Scientists Just Figured Out How Black Holes Twist Space-Time

Astronomers just solved a 30-year-old mystery about black holes, and it might give us a new way to test one of Einstein's most important ideas.

Back in the 1980s, astronomers discovered that black holes in our galaxy are ablaze with flickering X-rays, according to the California Institute of Technology. The flickering would follow a set pattern, getting steadily faster over a few months until stopping altogether.

They called the phenomenon quasi-periodic oscillation or QPO. Astronomers suspected QPO happened due to the twisting of space-time that Albert Einstein predicted in his theory of general theory of relativity.

"It is a bit like twisting a spoon in honey," Adam Ingram, lead author on the new research, said in a statement. "Imagine that the honey is space and anything embedded in the honey will be 'dragged' around by the twisting spoon.

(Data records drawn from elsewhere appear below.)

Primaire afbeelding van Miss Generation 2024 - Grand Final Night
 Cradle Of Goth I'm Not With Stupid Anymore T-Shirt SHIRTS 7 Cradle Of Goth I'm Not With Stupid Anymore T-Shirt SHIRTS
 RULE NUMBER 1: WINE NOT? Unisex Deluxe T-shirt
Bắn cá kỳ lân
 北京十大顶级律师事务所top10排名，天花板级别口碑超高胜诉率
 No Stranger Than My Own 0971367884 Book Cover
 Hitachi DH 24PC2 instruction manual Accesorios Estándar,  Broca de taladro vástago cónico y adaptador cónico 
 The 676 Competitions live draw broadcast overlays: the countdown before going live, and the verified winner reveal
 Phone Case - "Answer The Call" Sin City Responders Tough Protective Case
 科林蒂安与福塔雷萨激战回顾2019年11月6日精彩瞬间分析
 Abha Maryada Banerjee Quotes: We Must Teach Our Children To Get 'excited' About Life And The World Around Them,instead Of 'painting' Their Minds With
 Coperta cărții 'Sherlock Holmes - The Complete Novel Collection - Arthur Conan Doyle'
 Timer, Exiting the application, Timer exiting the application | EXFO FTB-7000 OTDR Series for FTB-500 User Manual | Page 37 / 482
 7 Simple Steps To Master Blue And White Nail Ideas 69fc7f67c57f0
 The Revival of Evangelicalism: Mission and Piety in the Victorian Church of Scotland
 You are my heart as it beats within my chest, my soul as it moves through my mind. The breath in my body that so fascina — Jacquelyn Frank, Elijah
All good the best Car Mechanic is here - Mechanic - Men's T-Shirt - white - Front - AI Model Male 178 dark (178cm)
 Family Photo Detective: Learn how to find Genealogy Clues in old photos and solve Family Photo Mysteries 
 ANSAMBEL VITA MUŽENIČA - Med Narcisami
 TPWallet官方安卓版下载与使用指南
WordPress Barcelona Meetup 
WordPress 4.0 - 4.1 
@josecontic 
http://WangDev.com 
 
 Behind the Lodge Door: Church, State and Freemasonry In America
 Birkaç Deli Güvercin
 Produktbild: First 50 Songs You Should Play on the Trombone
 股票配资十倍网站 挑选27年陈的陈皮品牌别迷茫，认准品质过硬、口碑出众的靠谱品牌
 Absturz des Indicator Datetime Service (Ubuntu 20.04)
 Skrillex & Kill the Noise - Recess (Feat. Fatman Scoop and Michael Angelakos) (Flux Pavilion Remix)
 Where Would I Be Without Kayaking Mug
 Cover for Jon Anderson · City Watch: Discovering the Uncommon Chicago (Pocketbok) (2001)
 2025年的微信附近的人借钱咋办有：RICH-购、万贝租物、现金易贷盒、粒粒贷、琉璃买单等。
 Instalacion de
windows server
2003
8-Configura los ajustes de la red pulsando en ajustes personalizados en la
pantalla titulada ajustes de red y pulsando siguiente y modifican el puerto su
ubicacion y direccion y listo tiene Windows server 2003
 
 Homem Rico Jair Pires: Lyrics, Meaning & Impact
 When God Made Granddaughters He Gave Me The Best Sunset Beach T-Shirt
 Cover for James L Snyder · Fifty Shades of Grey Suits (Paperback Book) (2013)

In reality, this means that anything orbiting a spinning object will have its motion affected."

Scientists didn't have direct proof QPO came from this space-time warping until now.

Ingram and his team used the NuSTAR telescope to look at the spiraling band of gas and dust around a black hole, called the accretion disk. Ingram noticed that X-rays coming from the accretion disk were influenced by the Doppler effect: What happens when waves travel around you. It's why sound waves from an ambulance siren sound really high-pitched as the ambulance approach you, and then suddenly drop in pitch once it passes you.

In this case, the Doppler effect means the X-rays spiraling away from us around the accretion disk were stretched out, making the light appear redder, and the X-rays spiraling toward us were scrunched up, making the light appear bluer. The stretching and scrunching create a flickering effect as X-rays travel around the black hole, spiraling closer its center.

The pattern lined up with Einstein's theory of general relativity.

"We are directly measuring the motion of matter in a strong gravitational field near to a black hole," Ingram said.

The technique will allow astronomers to map the matter in accretion disks around black holes, according to NASA. It will also give us a way to test Einstein's theory as astronomers look at more black holes to see if they observe the same pattern.